In 1912, while in England, she met Sir Robert Baden-Powell, who had recently founded the Boy Scouts, and was interested in creating a the Girl Guides similar organization for girls. This inspired Low who returned to the United States and established the Girl Guides. The first meeting of eighteen girls, was diverse, including girls from many cultural, ethnic, and class backgrounds. When Low returned to England six months later, there were six troops in Savannah.
In 1913, membership expanded to other states and therefore had to create a National Headquarters in Washington DC, which moved to New York in 1916. The organization also changed its name to Girl Scouts and published the first handbook: How Girls Can Help Their Country, adapted from the British Girl Guides handbook, How Girls Can Help to Build Up the Empire, written by Agnes Baden-Powell, Baden-Powell’s sister.
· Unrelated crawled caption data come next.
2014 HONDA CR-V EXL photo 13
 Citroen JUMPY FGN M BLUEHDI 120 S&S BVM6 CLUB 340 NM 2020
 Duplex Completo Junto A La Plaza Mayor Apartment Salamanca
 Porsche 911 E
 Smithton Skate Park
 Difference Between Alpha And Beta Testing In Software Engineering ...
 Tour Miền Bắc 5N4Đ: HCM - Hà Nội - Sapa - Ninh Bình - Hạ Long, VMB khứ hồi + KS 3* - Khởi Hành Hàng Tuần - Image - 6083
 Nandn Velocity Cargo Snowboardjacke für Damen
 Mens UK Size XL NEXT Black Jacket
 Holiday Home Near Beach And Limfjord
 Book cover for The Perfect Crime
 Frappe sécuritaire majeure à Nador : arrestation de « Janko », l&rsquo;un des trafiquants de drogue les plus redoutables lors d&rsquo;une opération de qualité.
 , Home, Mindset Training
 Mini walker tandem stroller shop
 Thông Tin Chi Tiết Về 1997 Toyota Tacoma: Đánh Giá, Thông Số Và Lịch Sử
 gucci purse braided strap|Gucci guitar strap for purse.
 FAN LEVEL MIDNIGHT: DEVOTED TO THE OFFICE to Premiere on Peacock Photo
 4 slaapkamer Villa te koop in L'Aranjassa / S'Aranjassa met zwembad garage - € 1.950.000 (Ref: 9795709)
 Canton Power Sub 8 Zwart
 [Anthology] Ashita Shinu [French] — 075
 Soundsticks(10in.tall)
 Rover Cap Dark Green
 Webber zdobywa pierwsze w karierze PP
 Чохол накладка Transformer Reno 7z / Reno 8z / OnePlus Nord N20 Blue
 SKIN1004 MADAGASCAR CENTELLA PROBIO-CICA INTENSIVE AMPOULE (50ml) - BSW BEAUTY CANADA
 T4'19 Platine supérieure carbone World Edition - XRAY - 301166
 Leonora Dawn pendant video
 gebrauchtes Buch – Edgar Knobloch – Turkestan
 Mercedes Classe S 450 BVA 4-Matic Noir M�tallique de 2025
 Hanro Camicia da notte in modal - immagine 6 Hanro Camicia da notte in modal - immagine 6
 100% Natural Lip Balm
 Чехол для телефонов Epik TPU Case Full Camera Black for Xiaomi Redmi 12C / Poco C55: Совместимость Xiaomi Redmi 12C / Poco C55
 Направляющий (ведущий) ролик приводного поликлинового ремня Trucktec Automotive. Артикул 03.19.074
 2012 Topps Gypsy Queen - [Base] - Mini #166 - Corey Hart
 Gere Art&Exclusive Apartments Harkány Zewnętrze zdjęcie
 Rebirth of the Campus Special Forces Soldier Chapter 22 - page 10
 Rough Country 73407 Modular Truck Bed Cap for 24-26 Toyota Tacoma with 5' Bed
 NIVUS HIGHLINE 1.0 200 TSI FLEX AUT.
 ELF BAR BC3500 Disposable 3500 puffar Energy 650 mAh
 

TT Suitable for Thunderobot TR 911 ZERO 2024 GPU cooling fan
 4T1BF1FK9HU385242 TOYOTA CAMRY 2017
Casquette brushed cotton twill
While the Girl Scouts emphasized teaching girls the skills to be homemakers, including cooking, preserving food, take care of the sick, gardening and identifying edible foods, Low also taught career training, from typing, telegraphy, and farming. Girl Scouts also taught about citizenship, the Constitution, history, and geography. As World War I neared, semaphore and Morse code were added. In 1920, the Girl Scouts established Low’s birthday, October 31, as Girl Scouts’ Founder’s Day.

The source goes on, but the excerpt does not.